# WORK INSTRUCTIONS:
Copy out exactly the stretch below, from the line with "Crowne Plaza Phu" through the line with "CIÈNCIES SOCIALS 1", both included; the pictures stay out.

# DATASET EXCERPTS:
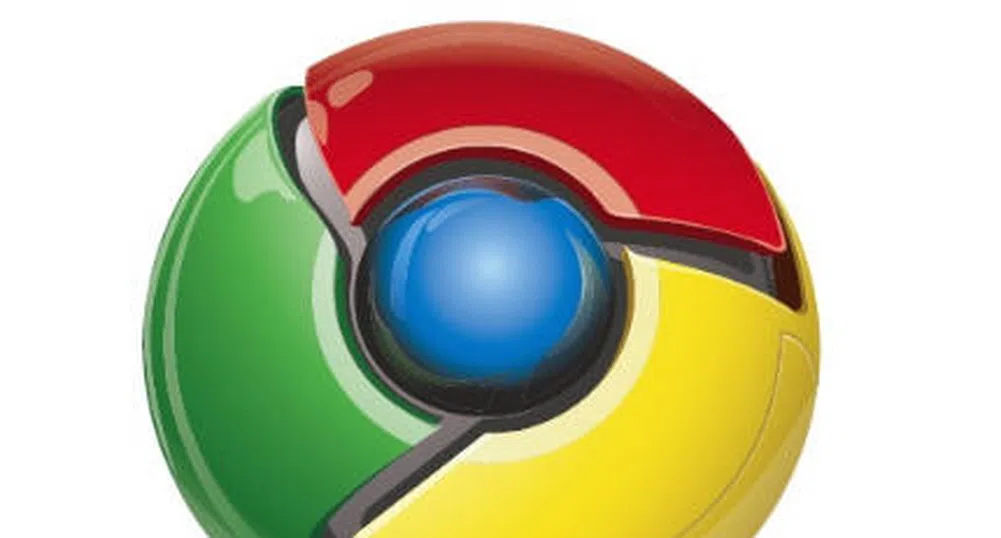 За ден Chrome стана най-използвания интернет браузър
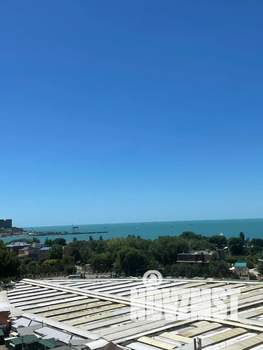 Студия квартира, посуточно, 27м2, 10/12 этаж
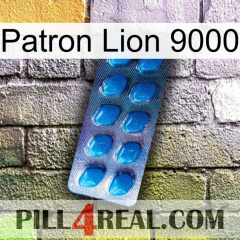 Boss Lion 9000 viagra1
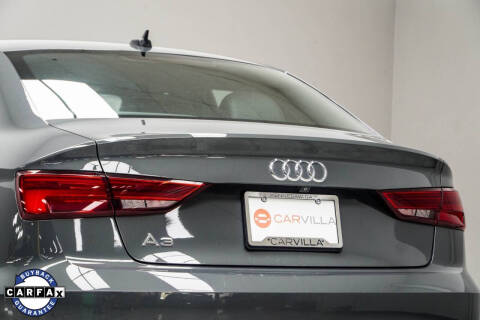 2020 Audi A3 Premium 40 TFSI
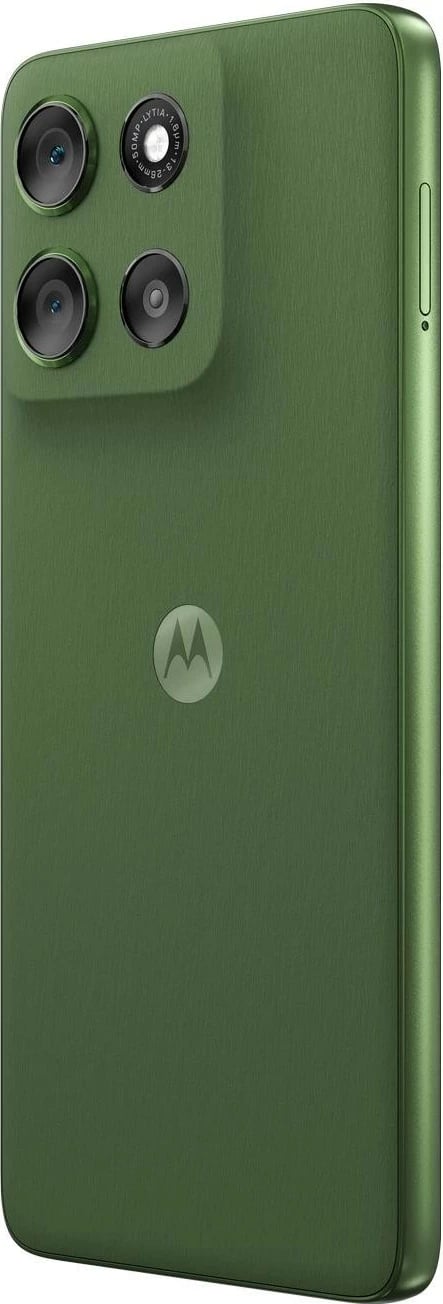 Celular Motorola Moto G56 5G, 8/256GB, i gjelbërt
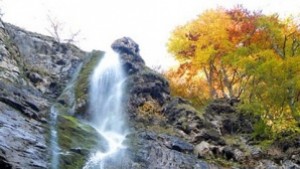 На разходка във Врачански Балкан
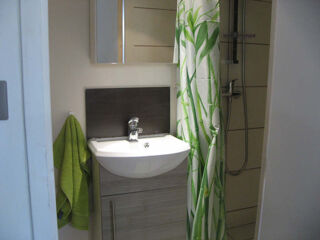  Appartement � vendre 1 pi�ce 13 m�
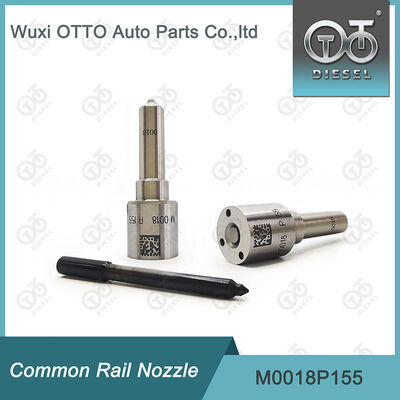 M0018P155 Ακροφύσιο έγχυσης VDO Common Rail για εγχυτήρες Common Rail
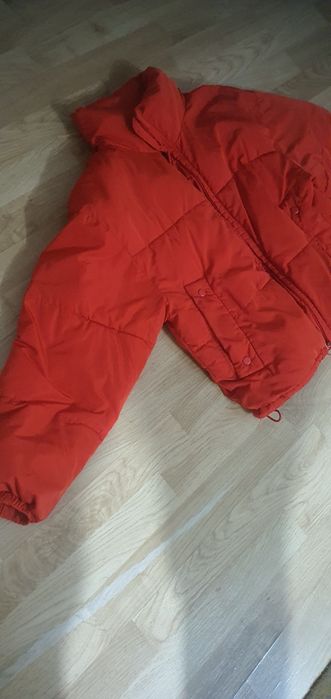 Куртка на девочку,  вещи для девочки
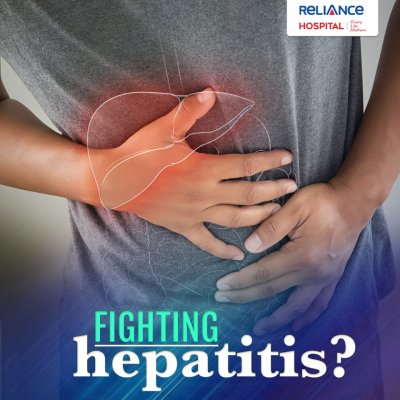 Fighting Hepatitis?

---

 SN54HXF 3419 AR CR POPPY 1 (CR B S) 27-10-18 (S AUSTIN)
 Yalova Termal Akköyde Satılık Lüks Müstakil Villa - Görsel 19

--

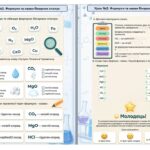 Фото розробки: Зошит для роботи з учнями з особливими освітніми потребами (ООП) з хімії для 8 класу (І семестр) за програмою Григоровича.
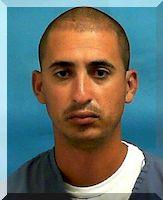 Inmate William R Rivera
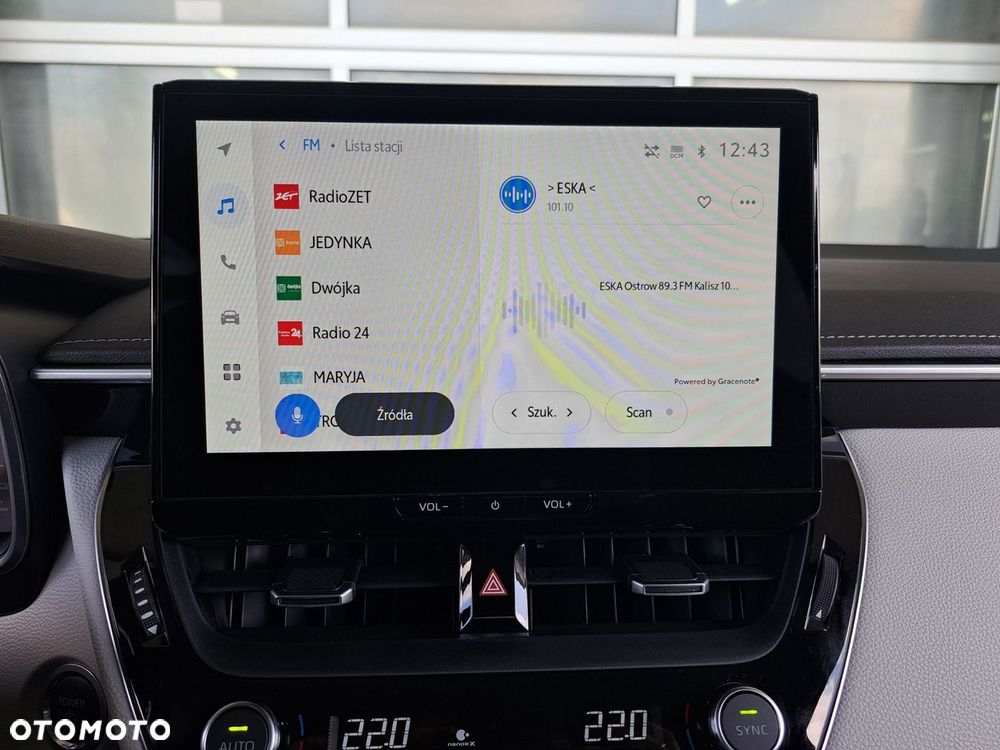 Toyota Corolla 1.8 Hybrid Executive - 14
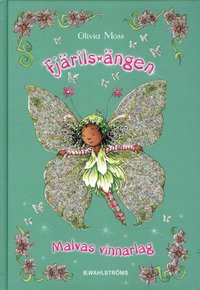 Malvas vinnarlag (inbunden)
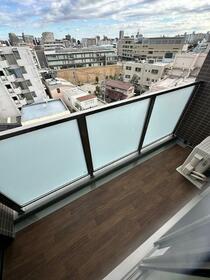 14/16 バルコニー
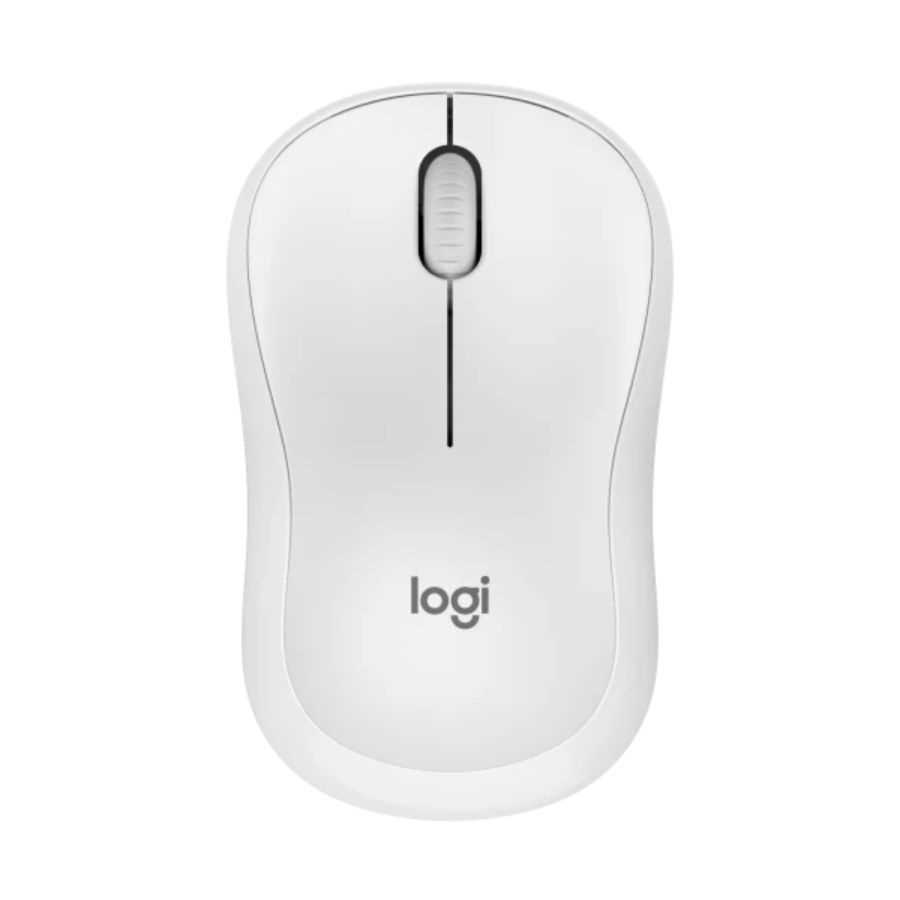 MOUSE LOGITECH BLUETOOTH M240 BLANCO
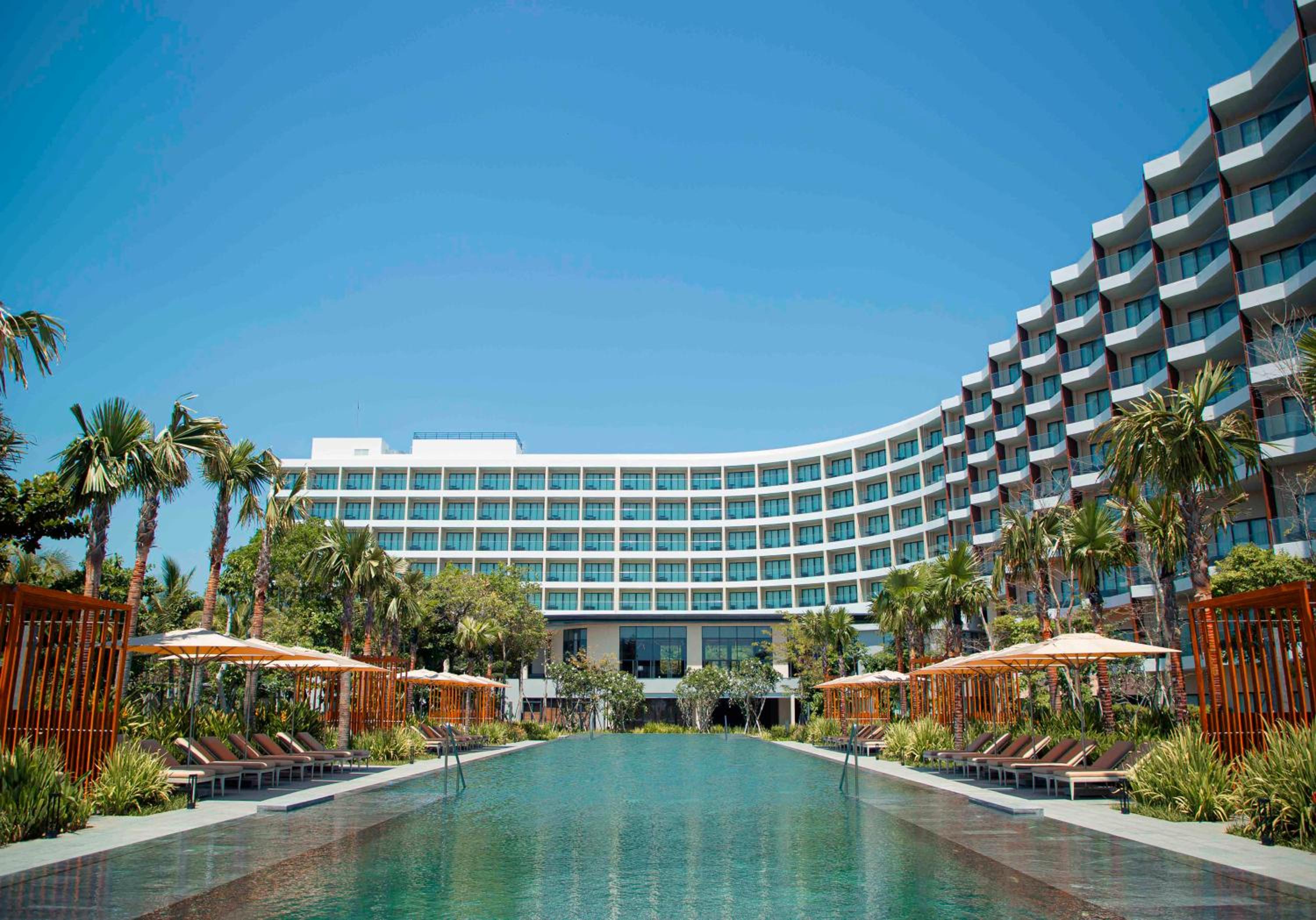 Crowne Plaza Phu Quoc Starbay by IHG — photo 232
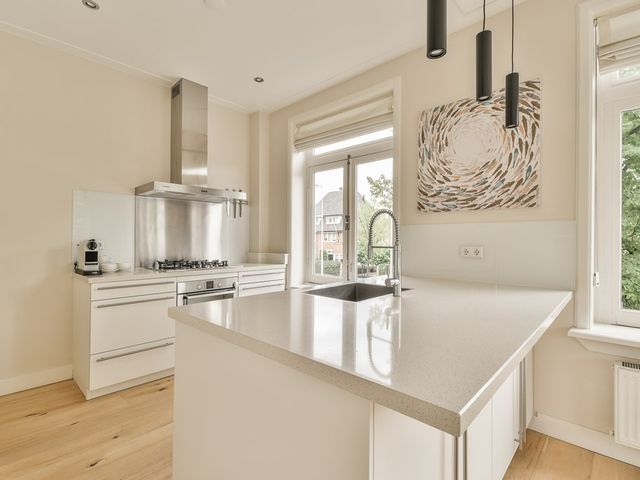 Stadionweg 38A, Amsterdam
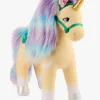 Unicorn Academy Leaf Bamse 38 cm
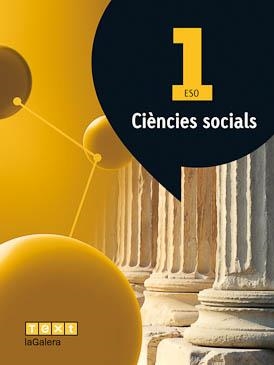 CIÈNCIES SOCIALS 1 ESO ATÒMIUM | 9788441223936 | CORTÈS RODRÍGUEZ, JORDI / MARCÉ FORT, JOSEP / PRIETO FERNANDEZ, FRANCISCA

# SOLUTION TO THE PROBLEM:
 Crowne Plaza Phu Quoc Starbay by IHG — photo 232
 Stadionweg 38A, Amsterdam
 Unicorn Academy Leaf Bamse 38 cm
 CIÈNCIES SOCIALS 1 ESO ATÒMIUM | 9788441223936 | CORTÈS RODRÍGUEZ, JORDI / MARCÉ FORT, JOSEP / PRIETO FERNANDEZ, FRANCISCA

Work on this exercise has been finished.